In corporate developments, Sears Canada Inc. (TSX: SCC) reported a quarterly net loss of $9.8 million or 10 cents per share, compared with a net loss of $200,000 or less than a penny per share in the similar 2011 period. Revenue fell to $1.05 billion from $1.15 billion. Its shares dipped one cent to $10.34.
Agriculture equipment maker Deere said its third-quarter net income rose 11 per cent to $788 million, or $1.98 per share but fell well short of expectations of $2.31 a share as the company was hit hard by a weakening global economy and prolonged drought in the U.S.
Deere's revenue rose 15 per cent to $9.59 billion, missing expectations of $9.61 billion, and its shares dropped $5.57 or 6.95 per cent to US$74.56.
The company formerly known as Ivanhoe Mines Ltd. had a quarterly net loss of US$285.9 million or 35 cents a share as it worked toward getting a massive copper and gold mine in Mongolia into commercial production next year.

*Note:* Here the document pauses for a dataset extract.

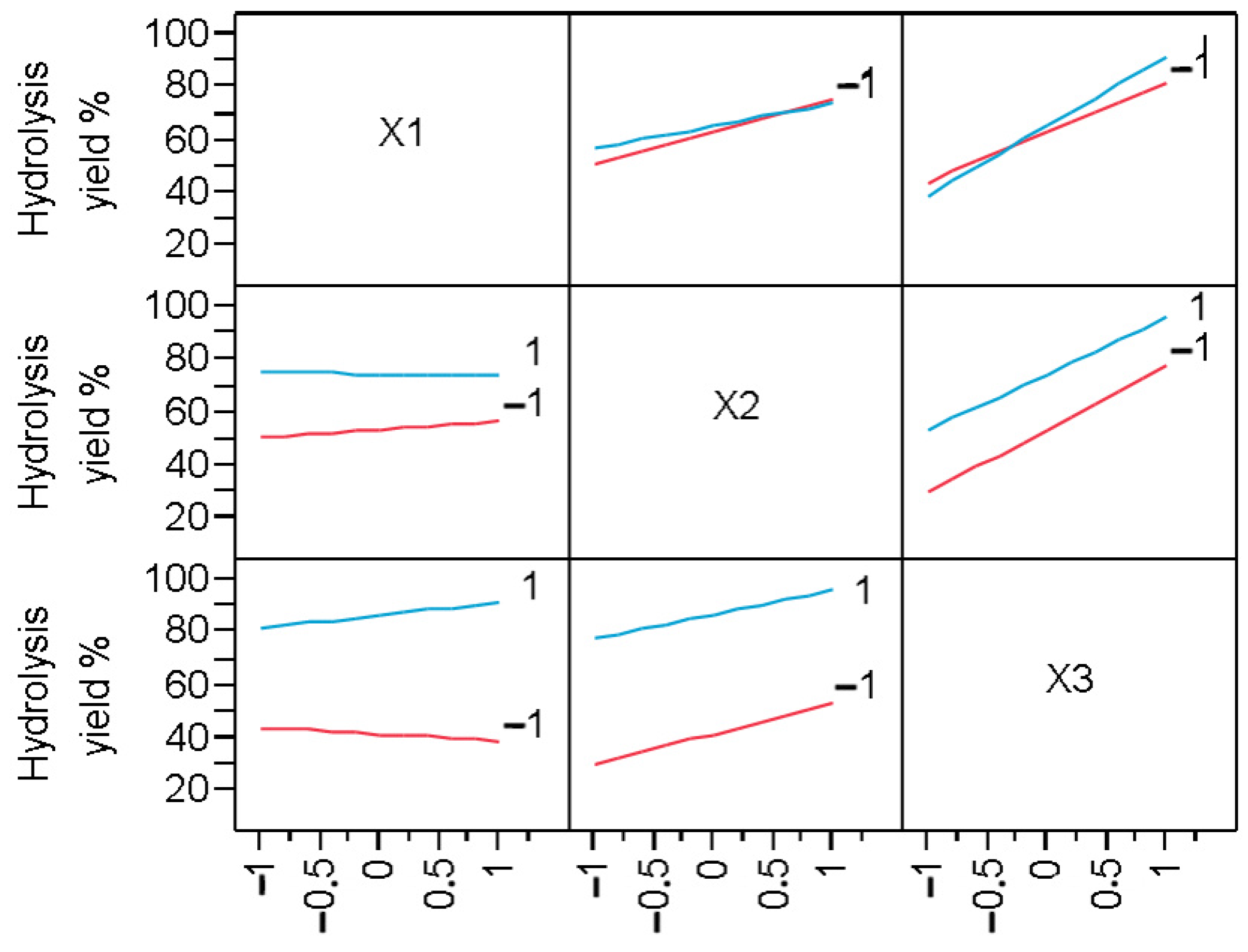 Sustainability 15 14860 g002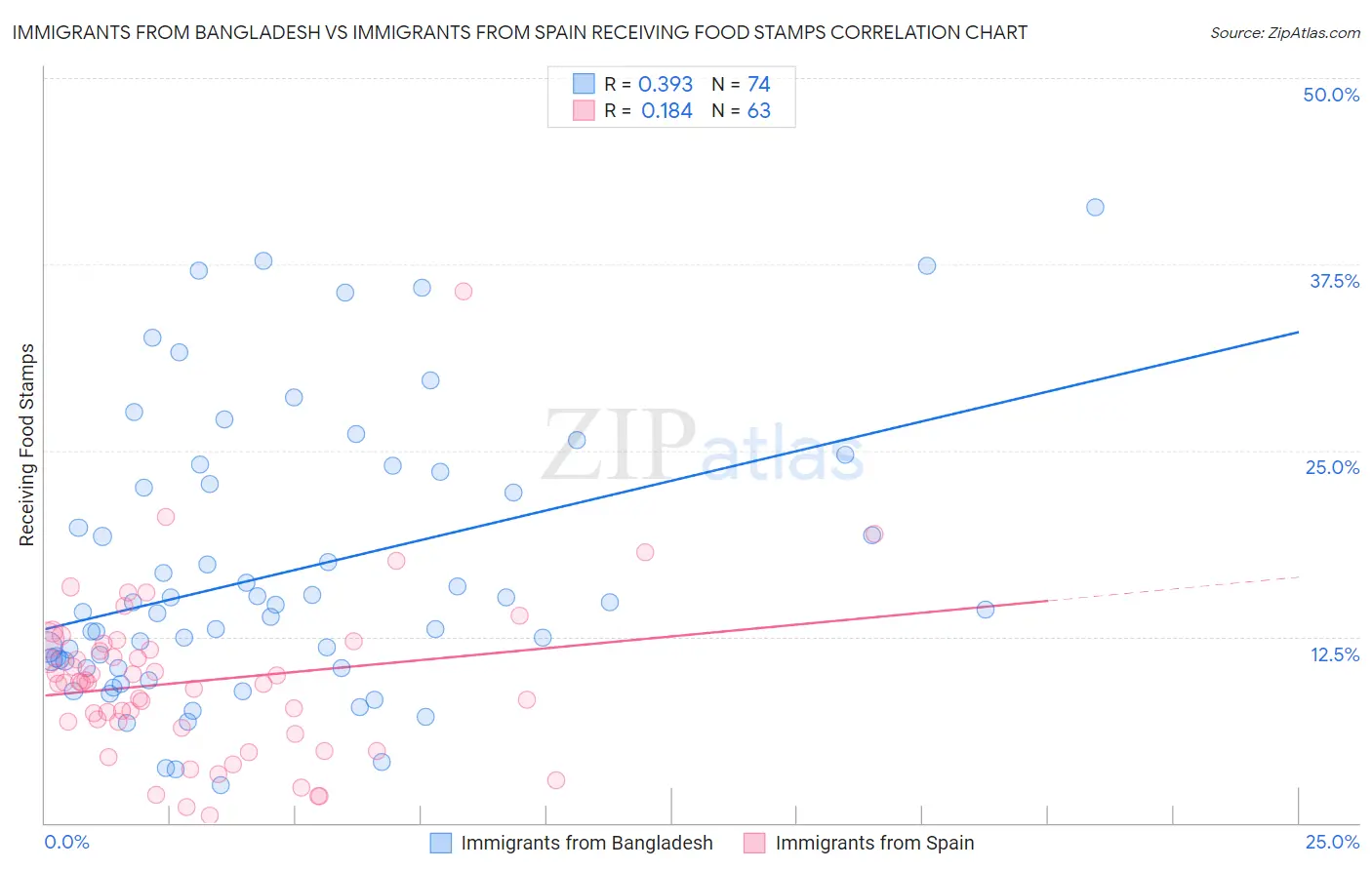 Immigrants from Bangladesh vs Immigrants from Spain Receiving Food Stamps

Vancouver-headquartered Turquoise Hill (TSX:TRQ) is now majority-owned by Anglo-Australian mining giant Rio Tinto PLC (NYSE:RIO) and its shares were up two cents to C$8.30.
Labrador Iron Mines Holdings Ltd. (TSX:LIM) fell 15 cents or 7.43 per cent to $1.87 as it disappointed investors with a loss of $10.6-million or 16 cents a share in its latest quarter It also recognized $38 million of revenue from the sale of three shipments from its operation at the Port of Sept-Iles, Que. Analysts had been expecting a profit and about $57.6 million of revenue.